I think there are a lot of winners here. Your code executed fastest for
one problem. It's quite difficult to filter out a single winner. A lot
of different problems has to be defined. So, the person owning the
problem formulation privilege, has all the power. One remedy for this
would be to let every participant suggest one problem (start and target)
each. Then every solver has to solve all suggested problems, and the
solvers will get a score according to their rank for each individual
problem. That's a lot to administer. A cut off time has to be decided,
say one second. And then we have the problem with "dirty" integers, some
solutions leave after execution. Should the clean up time be included?

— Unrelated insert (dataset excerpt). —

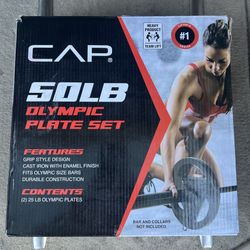CAP Barbell 50lb Olympic Grip Plate Weight Set (25x2)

"Dirty" Integer: By attaching data to the Integer objects, like "parent"
and "queue", Arrays can be avoided. But the next call to "solve" will be
affected, if the Integers are not clean. See Quiz#60.20, line 2.

As I submitted this Quiz, I wouldn't like to be part af that contest.

> Did you do other things than eliminating method calls?

Inline code only account for an improvement of 7%, so the answer is yes.

> If you did other things, I'd be interested to see it, still.

I've sent the code to James. Eventually it will published in his
wrap-up. If not, it will be submitted to the ML.

> However, I need 21 seconds for 868056 -> 27 so I would assume that
> searching for prefixes, or the approach from two sides has lots of potential.

Agreed, searching from two sides could probably gain a lot. If we have a
distance from start to target of 10, with an average branching factor of
2, the workload should be proportional to 1024. Starting from both
sides, the workload should be something like 32 + 32 = 64, with a
potential of being 16 times faster. I haven't even tried this approach,
yet.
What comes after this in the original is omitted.